En estos días de fuerte calor en Vancouver (me gusta el calor), el poder dormir sobre las sábanas sin ropa me es un grato placer. Me recuerda de una juventud de temporadas de ese calor húmedo de Buenos Aires por su cercanía al Río de la Plata. También me acuerdo de una siesta tropical que podría haber cambiado algo de mi vida juvenil.
En 1952
cuando tenía 10 años, mi mamá, mi tío Antonio, mi tía Sarita y mi primo Jorge
Wenceslao nos fuimos a la provincia de Corrientes en el litoral argentino.
Abordamos una embarcación de vapor de ruedas que nos llevó por el Río Paraná.
El calor
era tremendo pero lo podía aguantar sin problemas.

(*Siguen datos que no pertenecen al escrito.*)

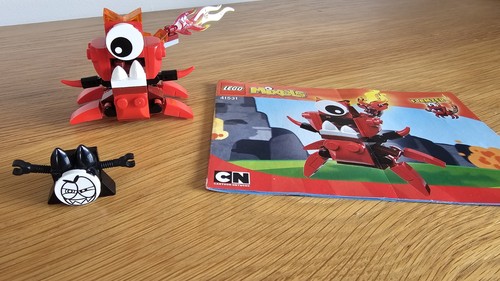 Lego mixels flamzer - mixels:,
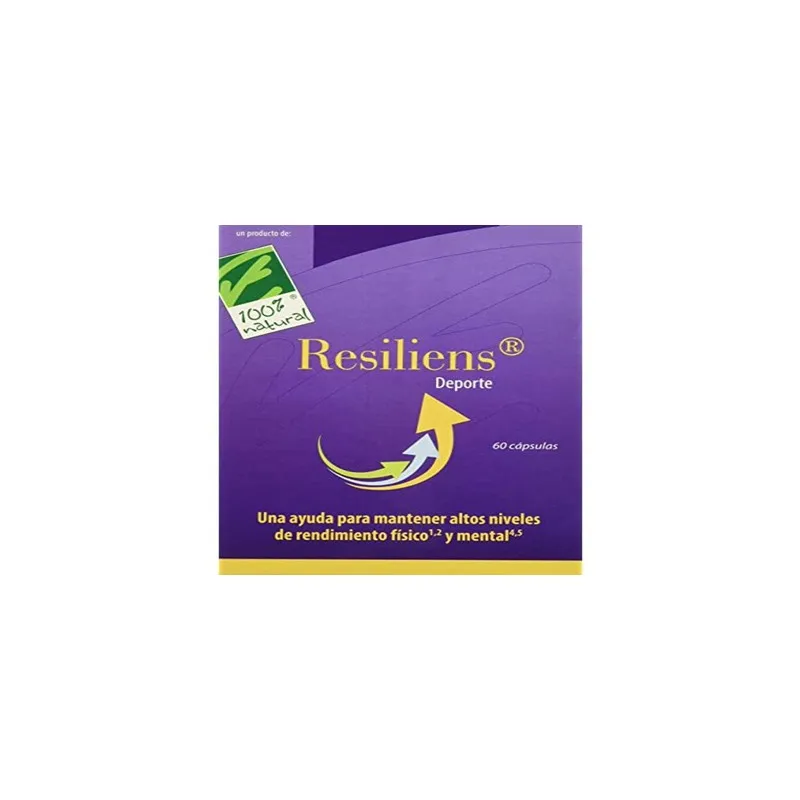 100% Natural Resiliens Deporte | Farmacia Barata
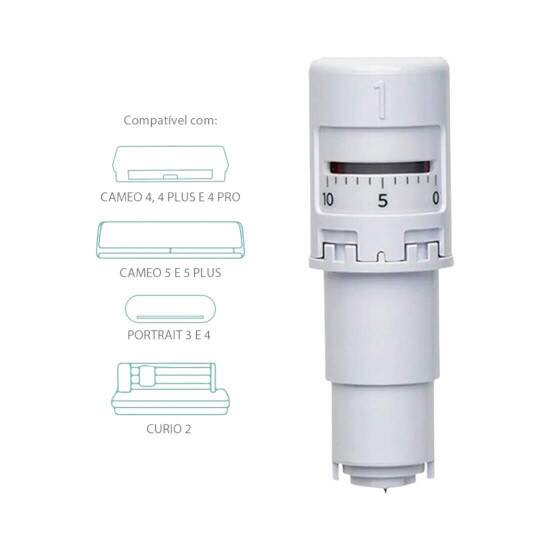 Lmina de Corte Autoajustvel Tipo B Silhouette Cameo 4/5/Pro, Portrait 3/4 e Curio 2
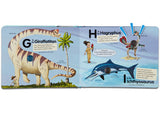 M&D - Poke-A-Dot - Dinosaurs A to Z Book - Modern Brands Australia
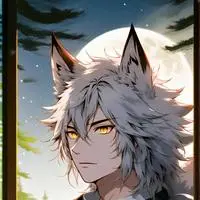 chat with ai character: Lunar Howl Spirit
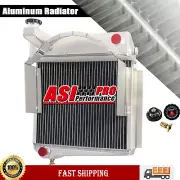 4 Row Radiator Fits AUSTIN HEALEY SPRITE BUGEYE FROGEYE/MG MIDGET 948/1098 ALLOY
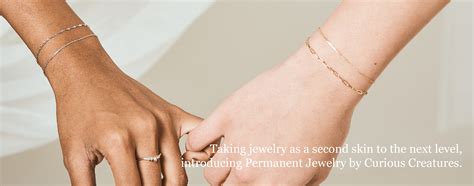 Permanent Jewelry in Singapore | Welded Bracelets & Anklets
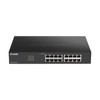 D-Link 16-Port Gigabit Smart Managed Switch | 16 GbE Ports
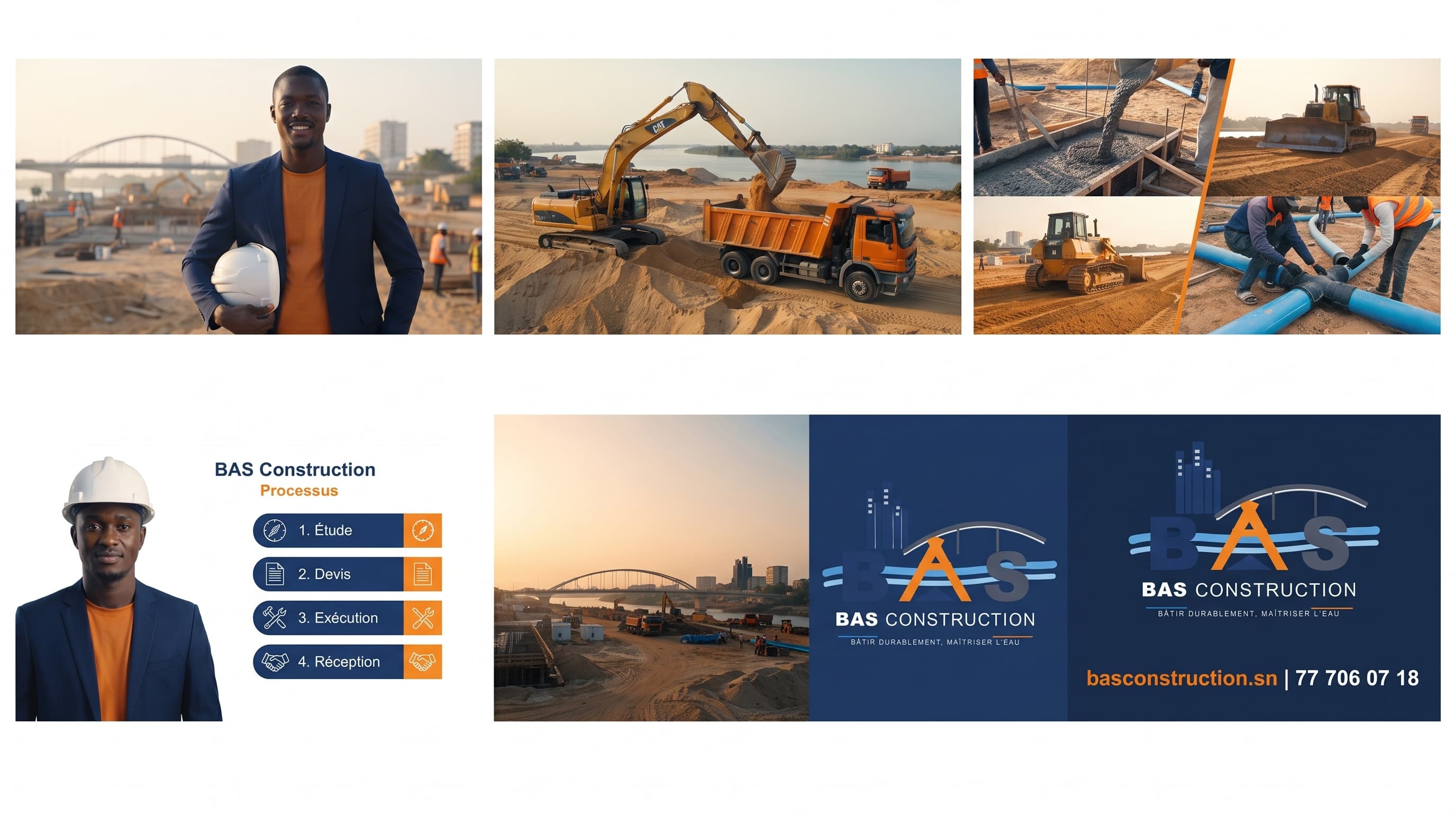 Storyboard de Conception Premium BAS Construction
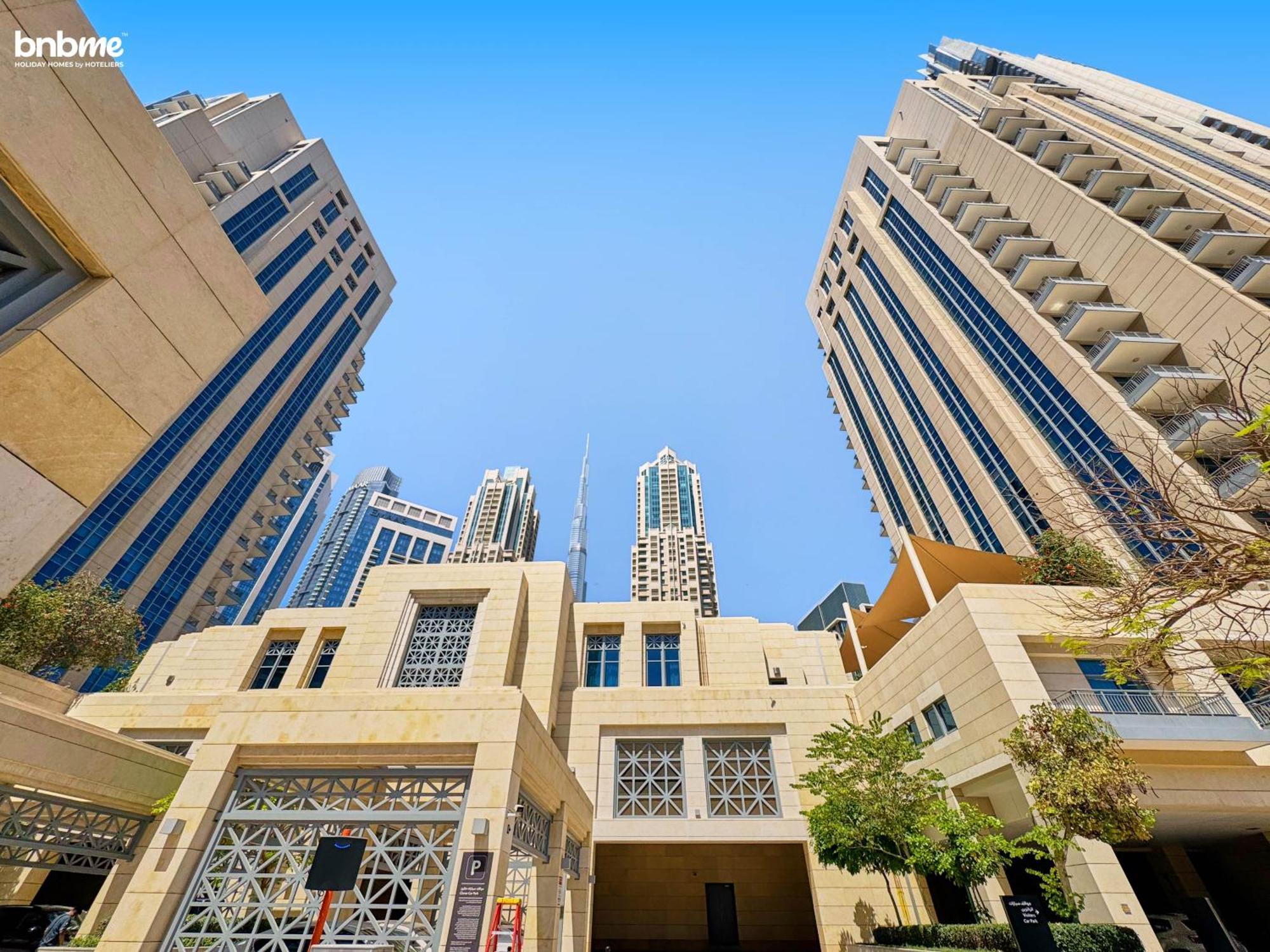 Bnbmehomes - Claren Tower Apartment Dubai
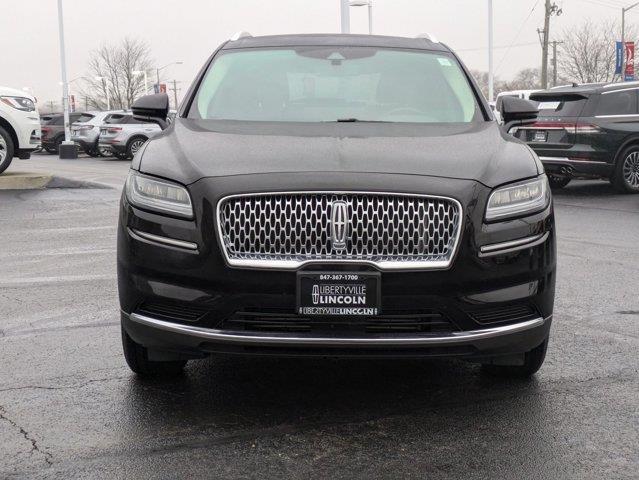 used 2021 Lincoln Nautilus car, priced at $26,845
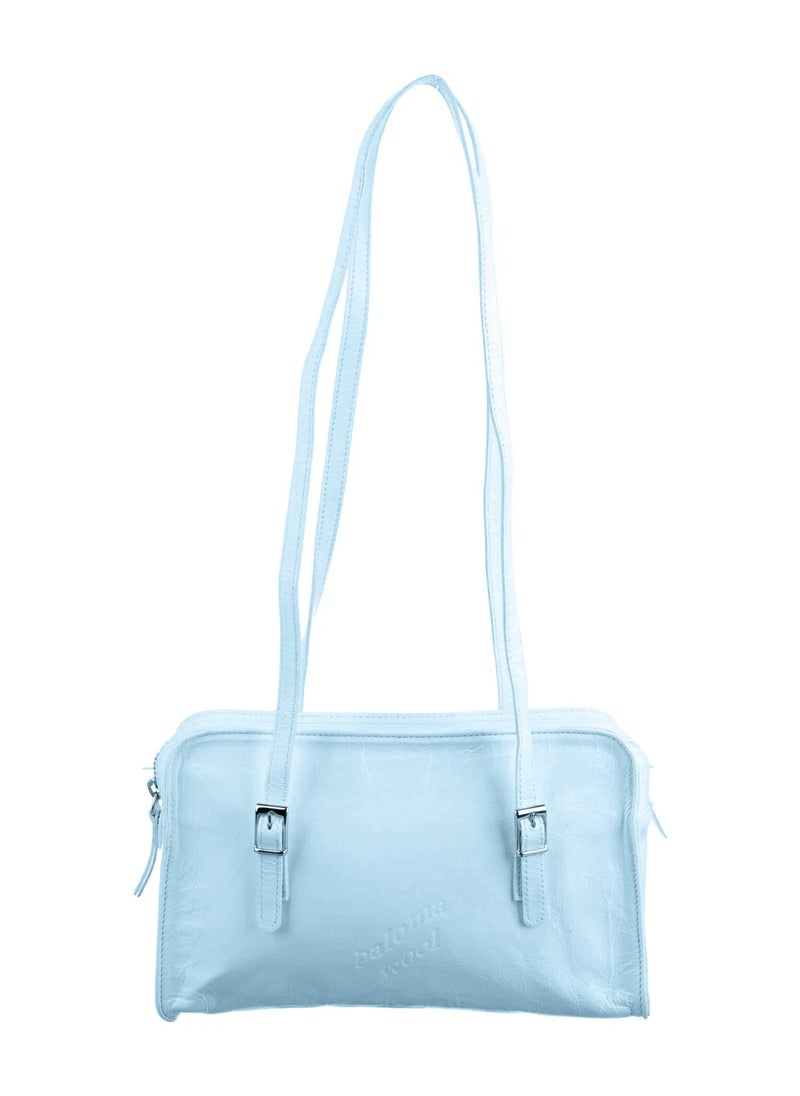 PALOMA Paloma Wool Patent Leather Shoulder Bag HandBags  - Image 3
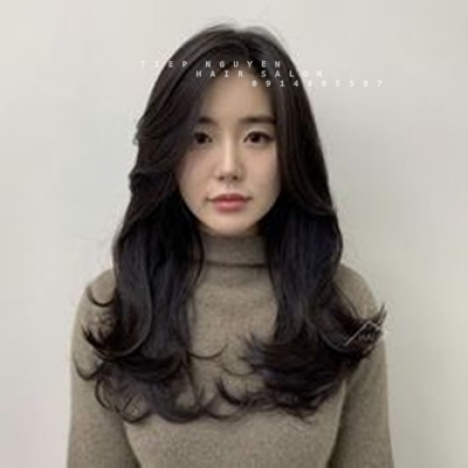 7 kiểu xoăn ngắn hippie hot 2022 nàng không nên bỏ qua - Tiệp Nguyễn Hair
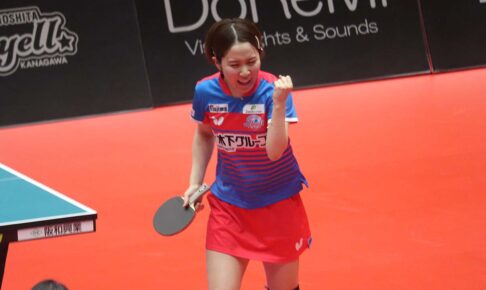 平野美宇、2戦連続VM勝利の主将が語った“1本勝負の重み” 中国超級リーグでの経験は「孫穎莎選手と組めたのは本当にすごい」【Tリーグ】 平野美宇、2戦連続VM勝利の主将が語った“1本勝負の重み” 中国超級リーグでの経験は「孫穎莎選手と組めたのは本当にすごい」【Tリーグ】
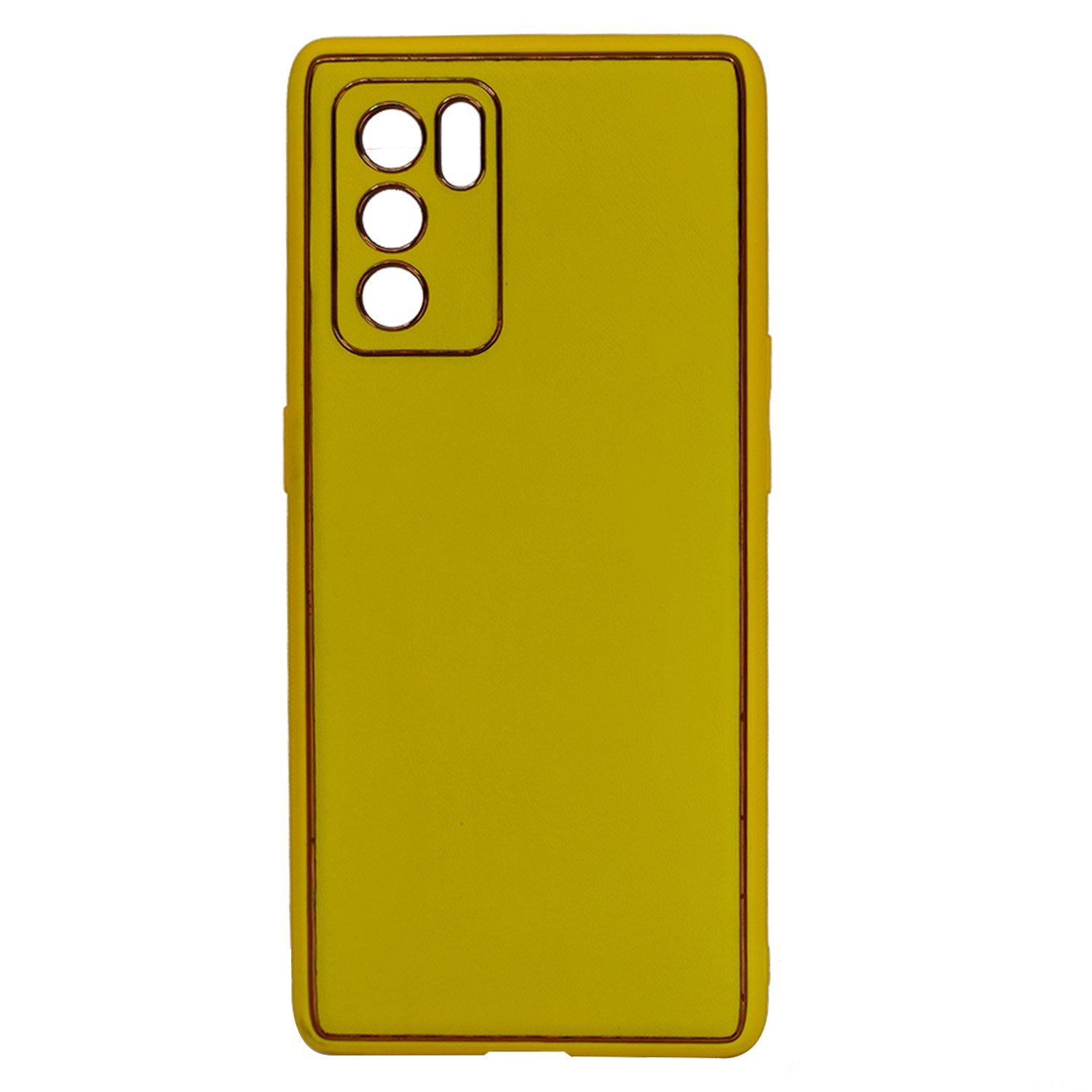 Nettech Oppo Reno 6 pro Uyumlu Coco Leather Seri Arka Koruma Kılıf NT-93629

Años después, durante mi colimba en la Armada Argentina, era un almirante el que nos dictaba cuando deberíamos cambiar nuestro uniforme de lana azul marino al blanco de algodón para el verano. El almirante se olvidaba y sufríamos semanas de calor. Mis compañeros me preguntaban porqué no me quejaba.
Desde la
capital de Goya nos fuimos en una vieja camioneta Studebaker a la estancia de
Santa Teresita a un lado del Río Corrientes.
En una
tarde calurosa (habían bajado una enorme sandía para enfriarla en el pozo de
agua) yo dormitaba una siesta. Un mosquitero me protegía de los
insectos. Por la ventana de mi cuarto pude escuchar una conversación entre mi tia
Sarita y mi mamá. A mi mamá le dijo, “Nuestros chicos muy pronto van a ser
hombres. En nuestra próxima venida deberíamos acostarlos con unas indias para
que aprendan a serlo.”
Nunca volví
y nunca me atreví preguntarle a Jorge Wenceslao como llegó a ser hombre.